───── PROVIDED ENTRIES
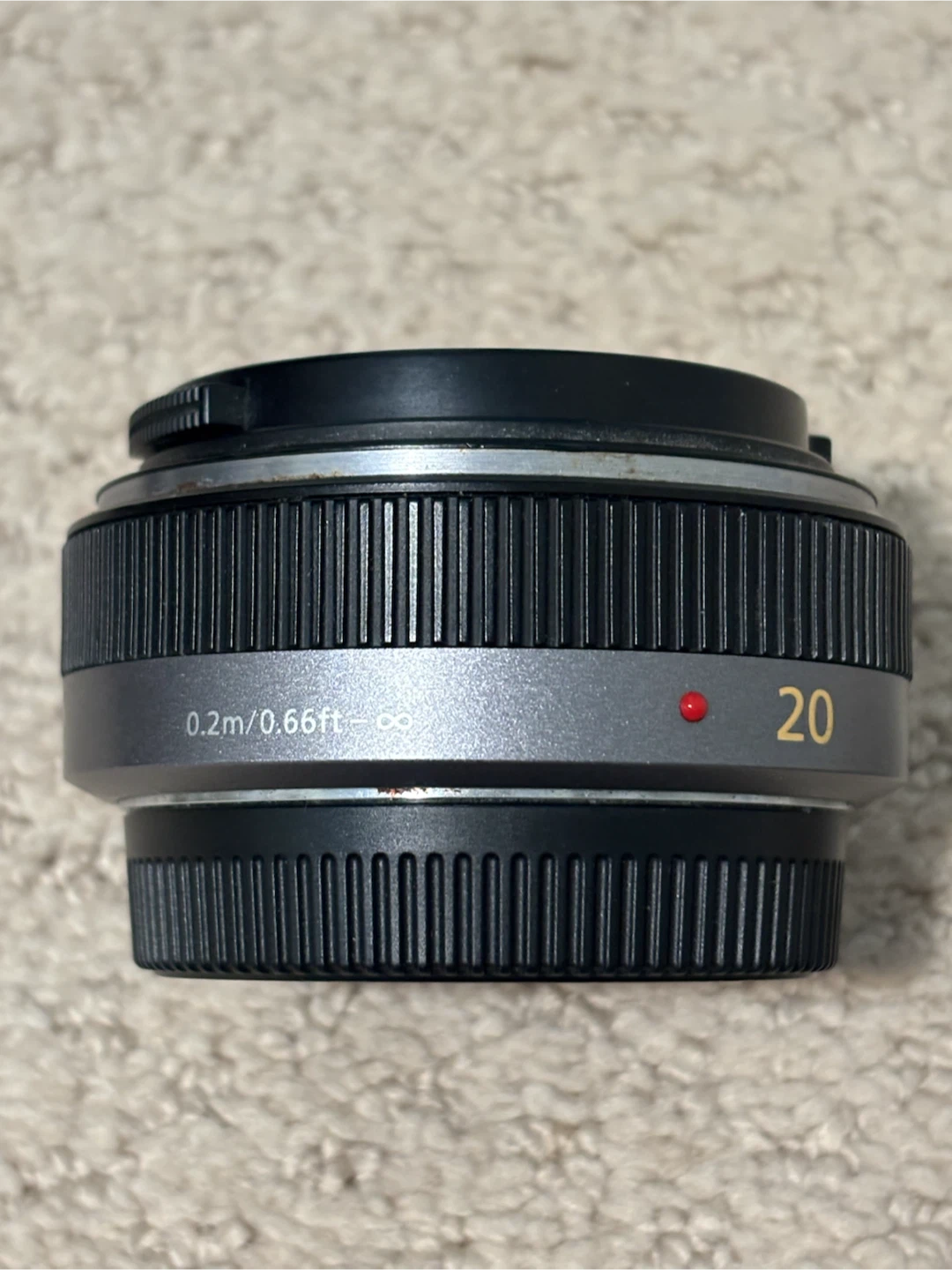 Panasonic 20mm f/1.7 (H-H020) - photo 3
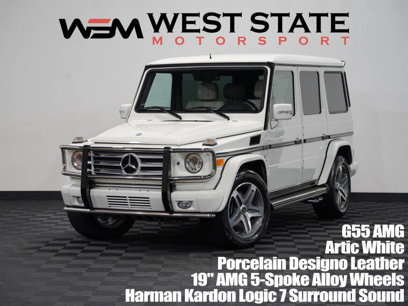 Used 2011 Mercedes-Benz G 55 AMG 4MATIC
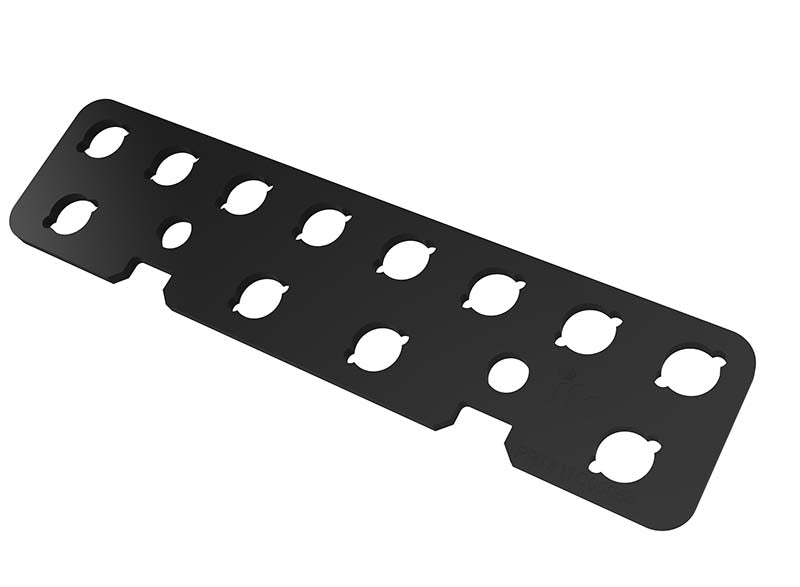 ITC M-Rack Frag Plate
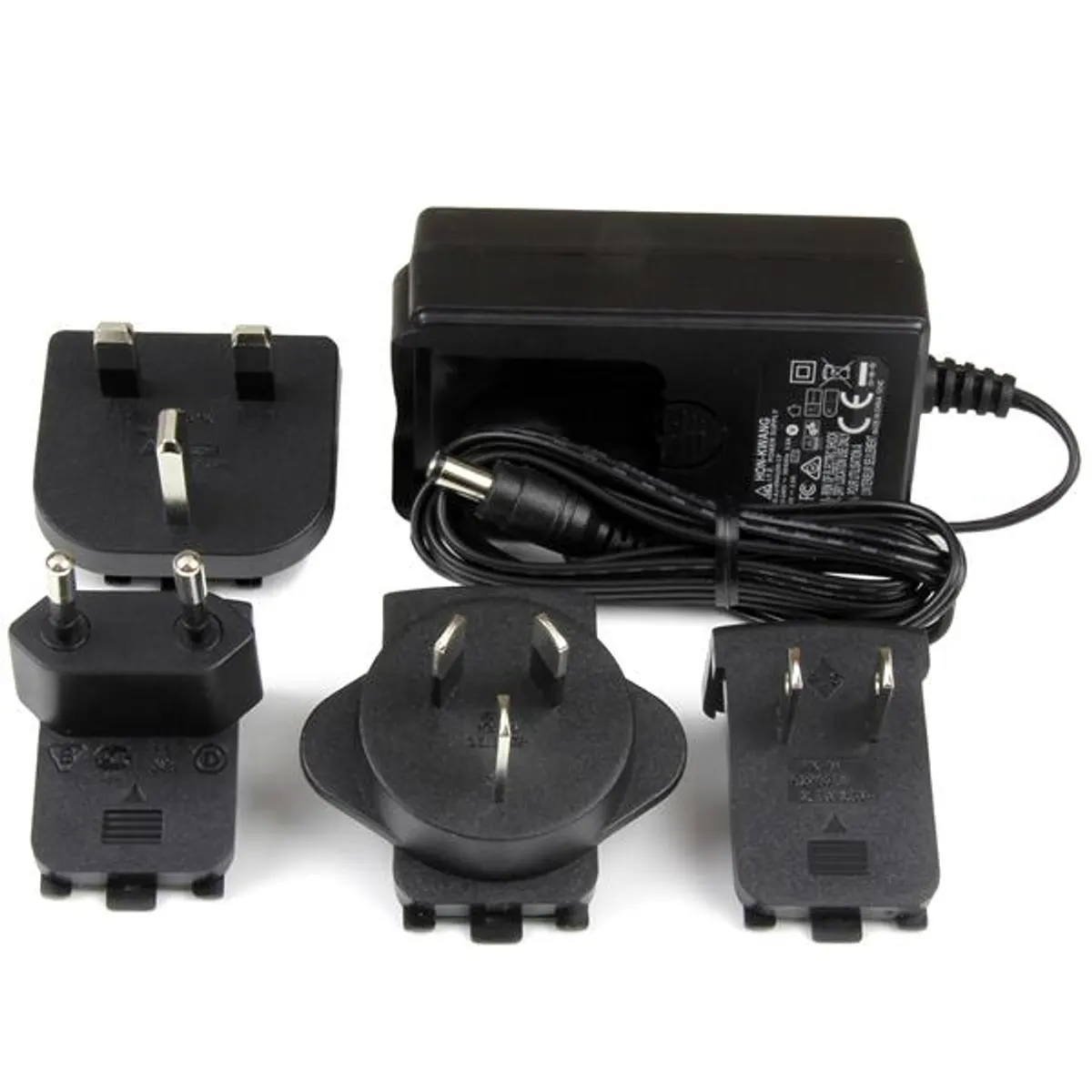 Startech.com SVA9M2NEUA DC tápegység 9V 2A bemeneti feszültség 100-240 V fekete CE, FCC, UL, RoHS #1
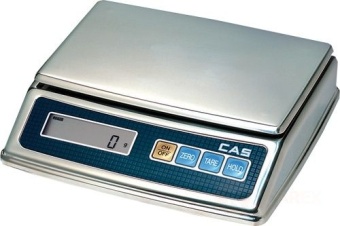 Весы порционные CAS PW-10H в ШефСтор (chefstore.ru)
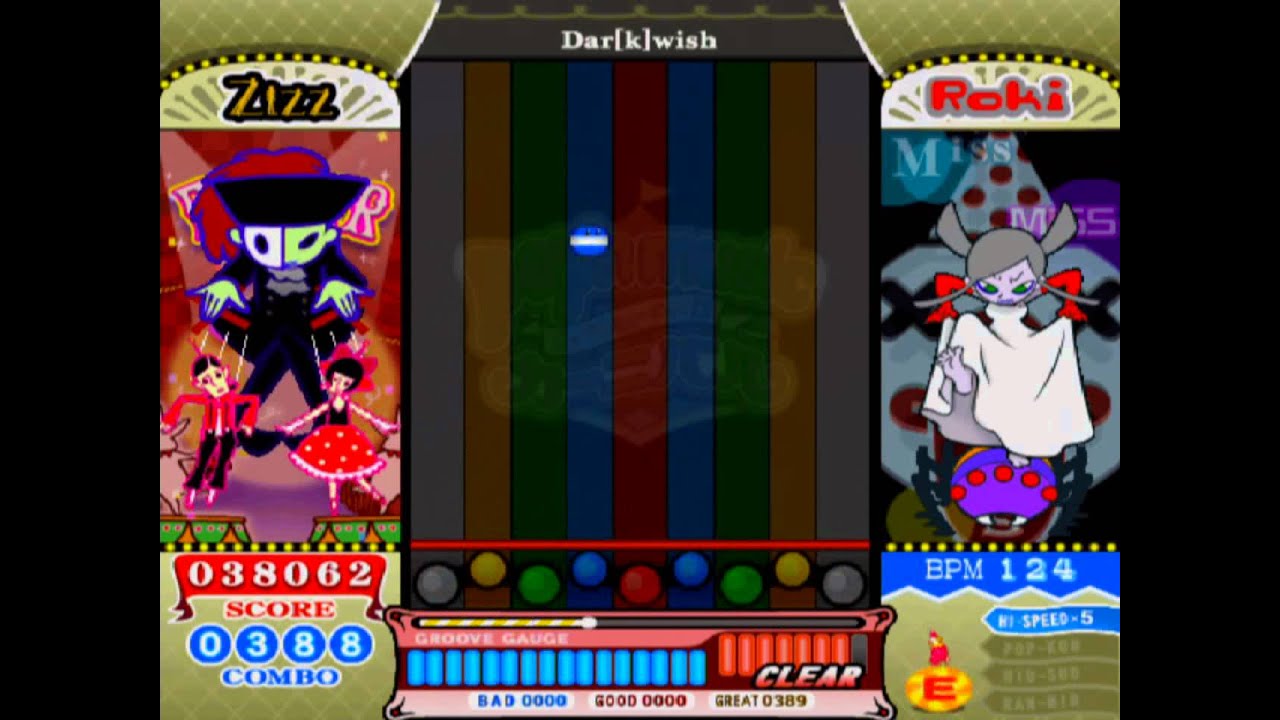 pop'n music 13　-　エレゴシックサバト (EX)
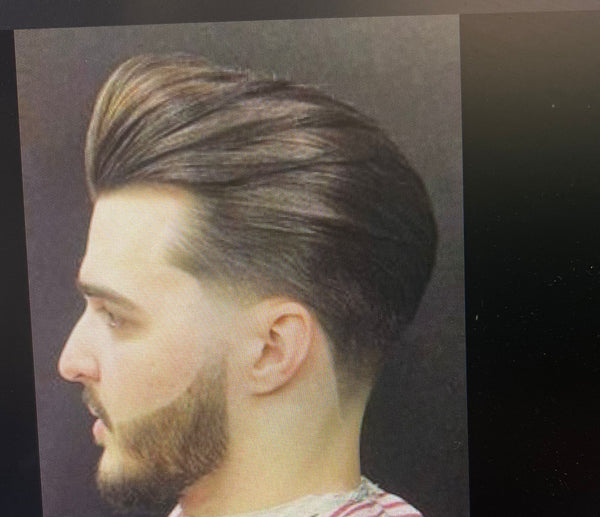 Joker - Ferdi dünne Folie Wunschfrisur #1b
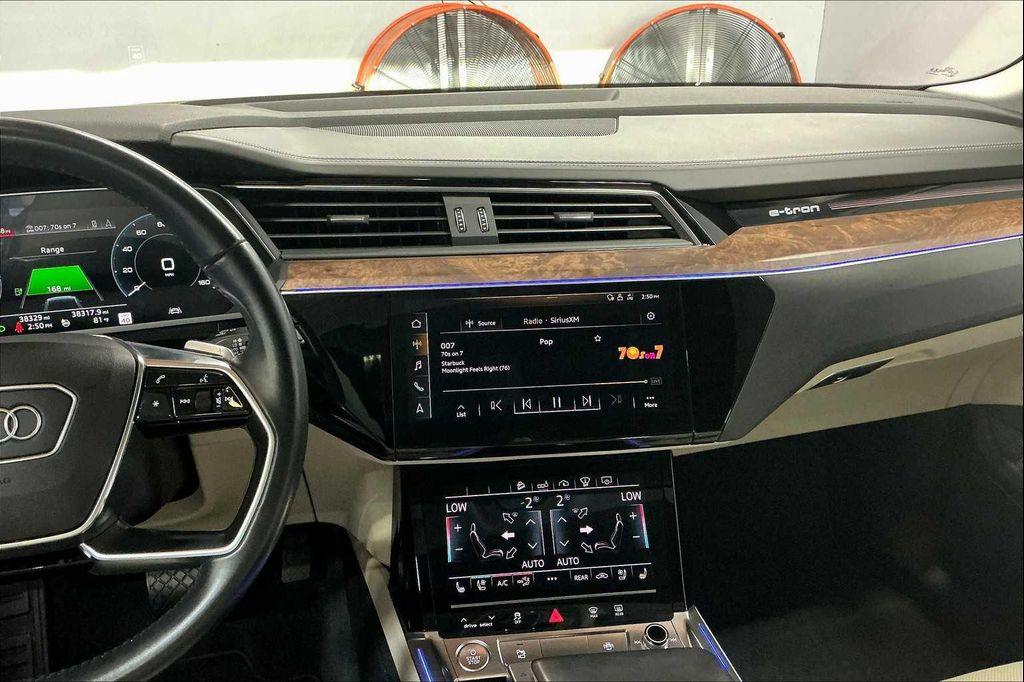 used 2019 Audi e-tron car, priced at $24,911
──────────
YOUR INSTRUCTIONS: Exactly as they appear above, give the records again, without their pictures.

RESPONSE TO THIS EXERCISE:
 Panasonic 20mm f/1.7 (H-H020) - photo 3
 Used 2011 Mercedes-Benz G 55 AMG 4MATIC
 ITC M-Rack Frag Plate
 Startech.com SVA9M2NEUA DC tápegység 9V 2A bemeneti feszültség 100-240 V fekete CE, FCC, UL, RoHS #1
 Весы порционные CAS PW-10H в ШефСтор (chefstore.ru)
 pop'n music 13　-　エレゴシックサバト (EX)
 Joker - Ferdi dünne Folie Wunschfrisur #1b
 used 2019 Audi e-tron car, priced at $24,911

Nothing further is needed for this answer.